This post was written by Joseph Guthrie
The Florida Wildlife Corridor Expedition is now off and running. If you’ve been following it from my blog this might come as a surprise. My apologies. The last few months are a blur of activity and frantic preparation, where we had no time to properly prepare ourselves, much less fill in the background through our blogging.

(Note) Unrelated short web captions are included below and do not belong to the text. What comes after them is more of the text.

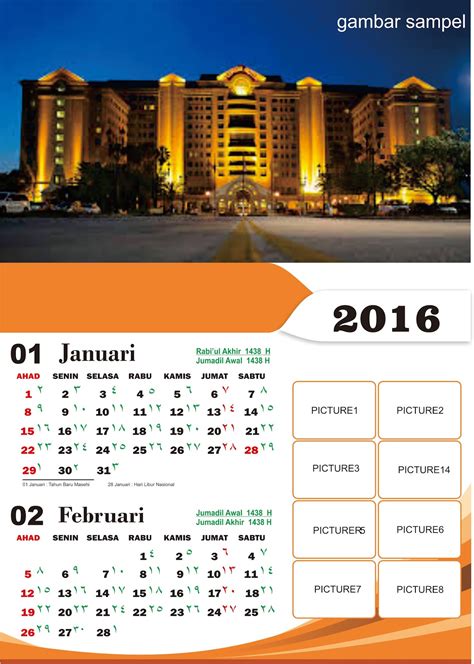 24 Desain Kalender Sekolah Keren Background Blog Garuda Cyber Riset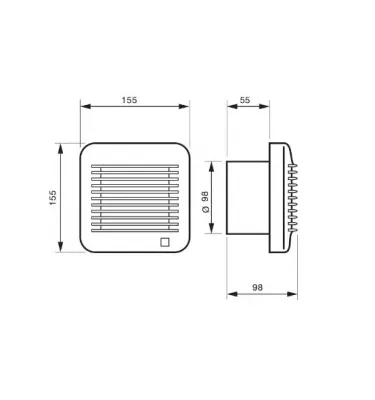 Venture Industries - EDM domestic fan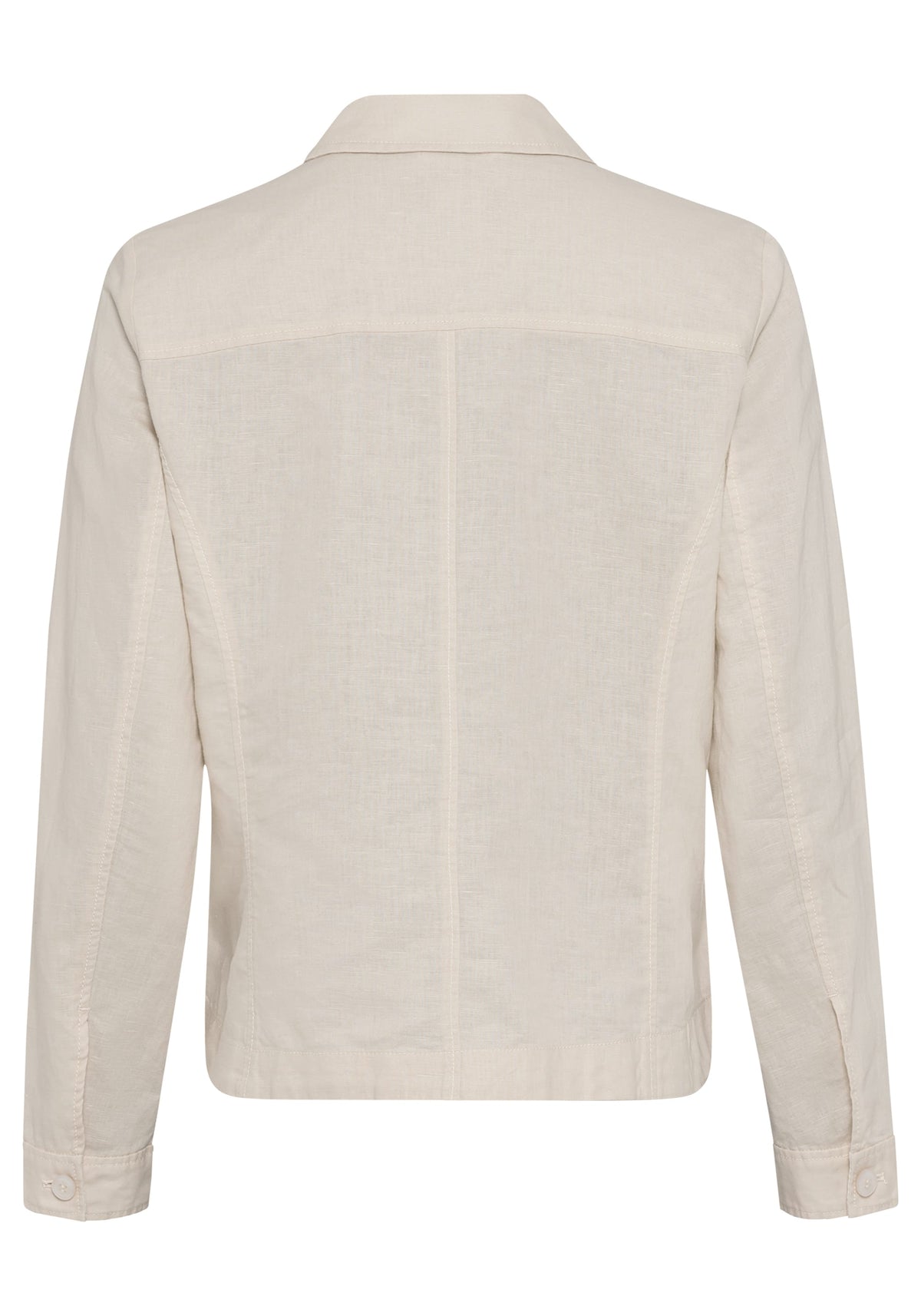 Linen Blend  Jacket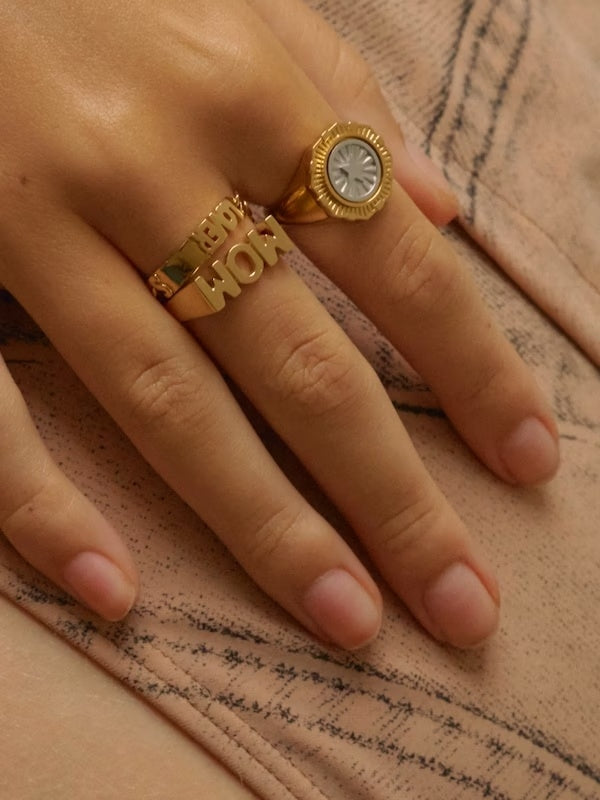 Maria Black MOM ring Ring Gull - modostore.no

We made it to the start by working insane hours, working the phone and email around through all hours of the night. The two and a half weeks between the holidays and the start of the Expedition Carlton and Elam and I all suffered from intense sleep deprivation as we hurried between meetings and our computers, buying gear, talking to our collaborators, organizing our equipment. We shopped for a trailer that could carry our kayaks, bikes, paddleboards, camera equipment. We researched specific properties, specific wildlife species and conservation issues we wanted to highlight. Before we could get into any depth we would be distracted by another more immediate concern. The dry bags for stowing gear on our kayaks were out of stock. The wireless service provider for our portable wi-fi hotspots wanted a contract that we were not willing to pay for. We had two phone interviews and a conference call all going on at the same time. The rudder kits for our kayaks, which we naively thought we’d assemble ourselves, were far too involved and we needed them fixed by a pro. It seemed like one million adapter wires and batteries and connectors flooded the dining room table of Carlton’s house. Details, details, details…it was chaos.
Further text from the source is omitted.